Where to even begin. He was always very contemptuous of anyone who cheated and also very conscious of his reputation as Mr. Perfect so, no, I didn’t believe he would cheat. Surprise, surprise, surprise. I didn’t think I would ever recover but I did and have a much happier life now. No one really wants to have to deal with divorce but sometimes it’s the best thing for you.


----------



## TXTrini (Oct 2, 2013)

The lies, especially that I hadn't wised up to it.

I knew something was off but couldn't imagine an affair. I actually asked my ex if he was gay with his best friend at one point bc I got a lot of BS excuses for why we were sexless, only to discover his affair a short time after.

I'd have let him go if he wanted out; I can't believe I put up with all the crap I did just to remain married to someone who didn't value commitment.


----------



## Sfort (Sep 28, 2019)

Megaforce said:


> Once I educated myself about the Cluster B personality disorders, things made sense. Not just the cheating but the lack of empathy and the sense of entitlement in just about every aspect of her life.


What are those disorders, and where is a good place to read about them?


----------



## Enigma32 (Jul 6, 2020)

A few things.

The lengths people will go to so they can cheat. My cheating ex used to keep 2 relationships going at once. She was with me on Facebook and saw me on a specific schedule, and she had another BF on Snapchat that she would see when I wasn't around. I remember thinking she possibly had some health problems that made her fatigued all the time but it was really because she would only allow herself 4 hours sleep each day so she had time to keep 2 relationships going. She also had at least one other guy she would see infrequently when she needed money or some work done. 

They have a saying when it comes to pests like mice and roaches, when you see one, you have 100 in the walls. Cheating is like that too. If you catch your partner chatting inappropriately or something, that is the one rat you see outside, there will be another 100 instances that you don't see. If you catch something, always dig deeper. 

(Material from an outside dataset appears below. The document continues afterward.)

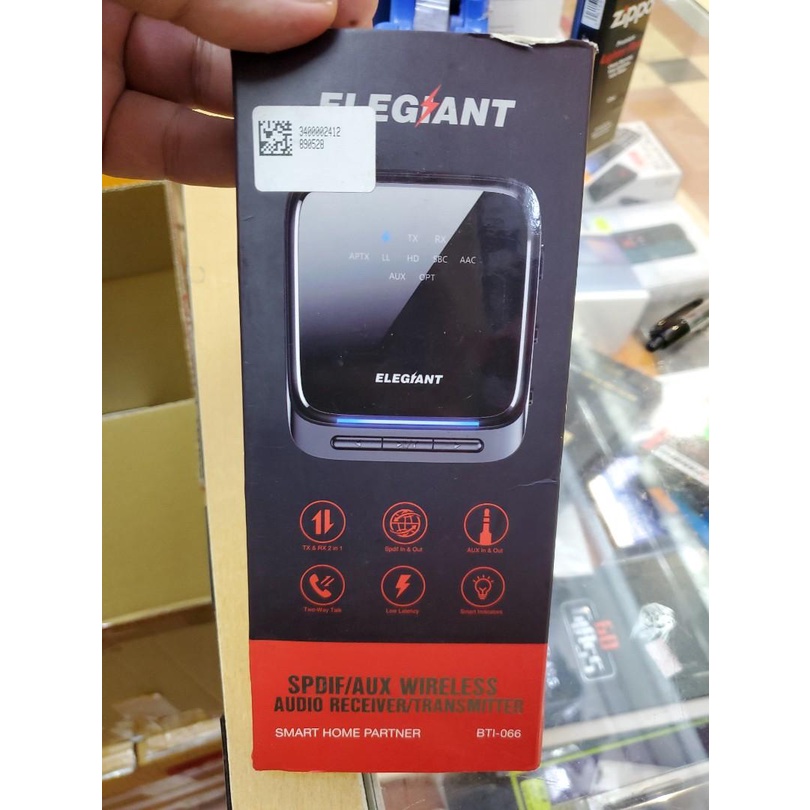 ELEGIANT 2in1 Bluetooth 5.0 Transmitter Receiver Duallink Support HD/ LL (BTI066) Display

The last thing that comes to mind isn't quite something that surprises me but it's something I've noticed. I remember back in the day thinking that people always got away with poor behavior. That's because in the short term, they usually do. If someone cheats on you and the relationship ends, they will land softly right into another relationship while you sit around all lonely and depressed. On the long term though, those people won't stop being who they are. If they ruined a relationship with you, they will ruin the next one too. These people eventually end up alone because they destroyed every relationship they were ever in.


----------



## BoSlander (5 mo ago)

Marc878 said:


> So what are you doing with the truth?


We had the best night of our lives. The very next day I did a 180° turn and removed myself from any contact with her and two days after that I served her the divorce papers.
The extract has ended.